Closed echoxxzz closed 1 year ago
Thanks for this description. Unfortunately, I get a lot of "Skipping... table not found" issues while importing the data. I'm not sure, what I'm doing wrong.
Are you sure got the latest SQL scripts from the Musicbrainz GIT repo and copied them to the appropriate folder replacing the ones that come with mbdata?
I did it. But maybe I copied it to the wrong folder. I will check again.
To be honest you don't really need to use the mbdata command to run the sql scripts. Just use psql and specify the database name as the last paramenter or as a input to -d.
e.g If your database is called Musicbrianz: psql -f CreatePrimaryKeys.sql Musicbrainz
Try that using the latest sql scripts then the import should work.
@echoxxzz I think, I was using a too old postgresql version (9.5). I upgraded and not it seems to work,
According to the Install.MD file on Github it requires 12 or later. I updated my instructions. Glad everything worked out for you.
When I run "mbslave psql -f CreateFunctions.sql" I get the following error:
psql:/var/folders/gd/ymqmmv7n1pnbrl303865ynbh0000gn/T/tmp3d4outcm.sql:23: ERROR: function array_append(anyarray, anyelement) does not exist
Any way around this? I did some digging and it seems like an issue with Postgresql 14+
deleted (no longer relevant)
@jeleffto The MB SQL scripts were updated recently to make them compatible with PG 14. See https://github.com/metabrainz/musicbrainz-server/commit/38861c768d427970e9088cefc76604b05ee11bab. If you try installing mbdata from the latest master or update the scripts later manually, the error should go away.
It seems like mbdata isn't being maintained anymore. Everything it does can be done using the Musicbrainz repo and it works on all supported versions of Postgresql.
Most of this info can be found in the Musicrainz Install.md file but I will go through the steps I used to setup a Musicbrainz mirrored database server with replication on Ubuntu Server 22.04.1 LTS.

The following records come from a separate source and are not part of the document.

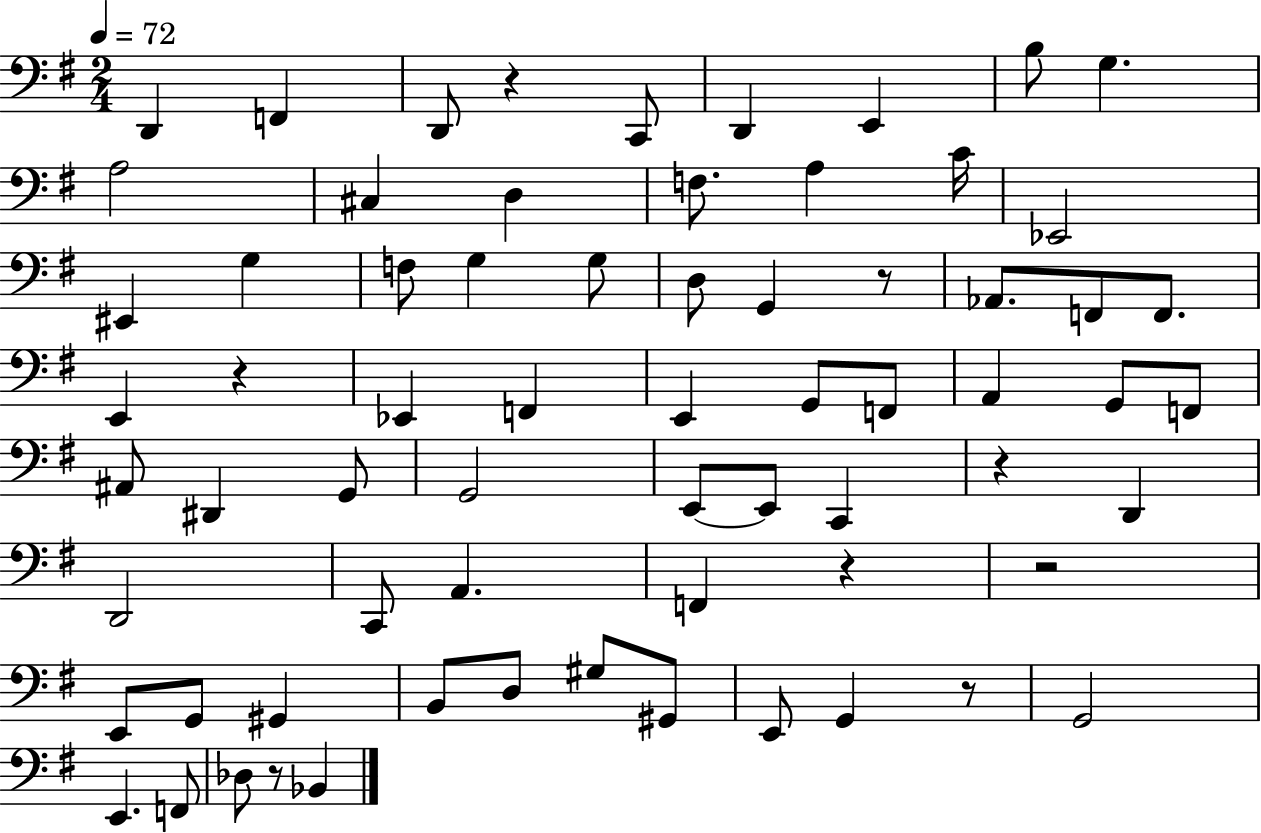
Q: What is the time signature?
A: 2/4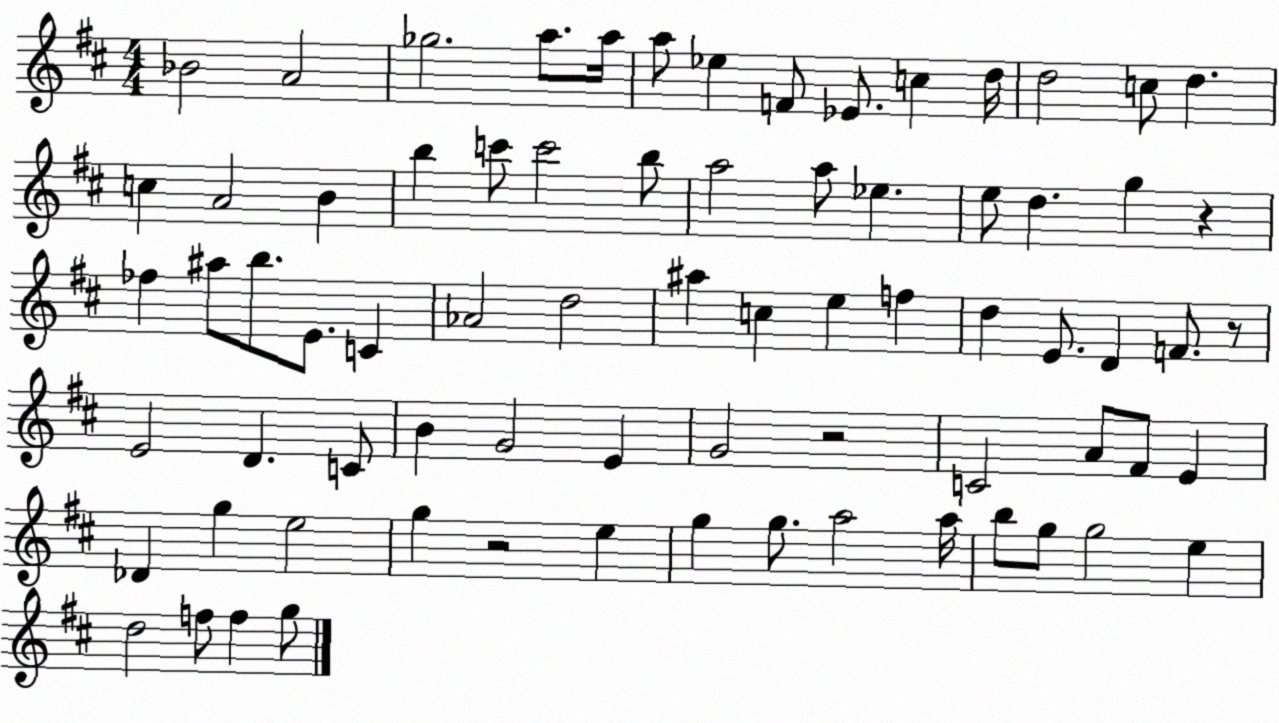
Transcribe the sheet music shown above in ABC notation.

X:1
T:Untitled
M:4/4
L:1/4
K:D
_B2 A2 _g2 a/2 a/4 a/2 _e F/2 _E/2 c d/4 d2 c/2 d c A2 B b c'/2 c'2 b/2 a2 a/2 _e e/2 d g z _f ^a/2 b/2 E/2 C _A2 d2 ^a c e f d E/2 D F/2 z/2 E2 D C/2 B G2 E G2 z2 C2 A/2 ^F/2 E _D g e2 g z2 e g g/2 a2 a/4 b/2 g/2 g2 e d2 f/2 f g/2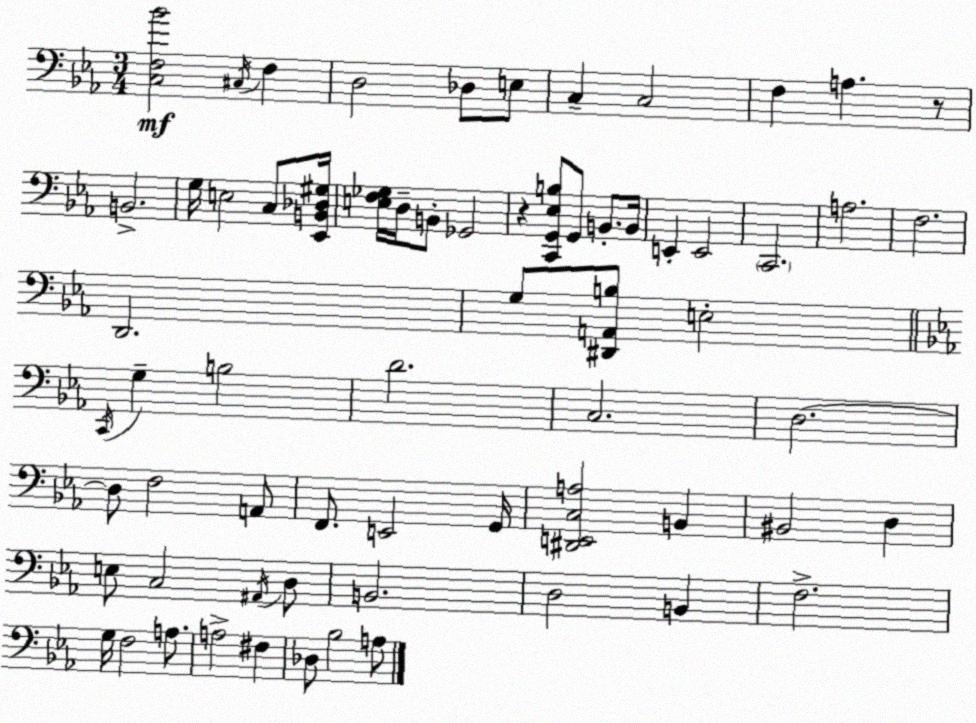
X:1
T:Untitled
M:3/4
L:1/4
K:Eb
[C,F,_B]2 ^C,/4 F, D,2 _D,/2 E,/2 C, C,2 F, A, z/2 B,,2 G,/4 E,2 C,/2 [_E,,B,,_D,^G,]/4 [E,F,_G,]/4 D,/4 B,,/2 _G,,2 z [C,,G,,_E,B,]/2 G,,/2 B,,/2 B,,/4 E,, E,,2 C,,2 A,2 F,2 D,,2 G,/2 [^D,,A,,B,]/2 E,2 C,,/4 G, B,2 D2 C,2 D,2 D,/2 F,2 A,,/2 F,,/2 E,,2 G,,/4 [^D,,E,,C,A,]2 B,, ^B,,2 D, E,/2 C,2 ^A,,/4 D,/2 B,,2 D,2 B,, F,2 G,/4 F,2 A,/2 A,2 ^F, _D,/2 _B,2 A,/2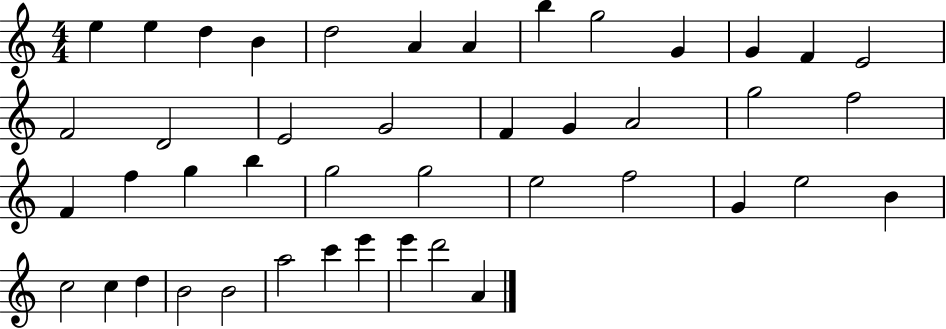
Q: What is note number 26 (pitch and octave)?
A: B5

Since I'm only using this server for Musicbrainz I didn't use local::lib for Perl modules and I trusted all local logins to Postgres as it just makes the Install and Mirror script easier to run.
Install Postgresql:
sudo apt install postgresql-14 postgresql-server-dev-14 postgresql-contrib
Edit the /etc/postgresql/14/main/pg_hba.conf and change this line from:
local all postgres peer
to:
local all all trust
Restart the Postgresql server:
sudo systemctl restart postgresql
Verify you can login and list the system databases:
psql -U postgres -l
Install the build tools and dependencies:
sudo apt install build-essential cpanminus libdb-dev libexpat1-dev zlib1g-dev moreutils pkg-config
Clone the Musicbrainz repository:
git clone https://github.com/metabrainz/musicbrainz-server.git
cd musicbrainz-server
Install the Perl dependencies:
sudo cpanm --installdeps --notest .
You should end up with 307 distributions installed.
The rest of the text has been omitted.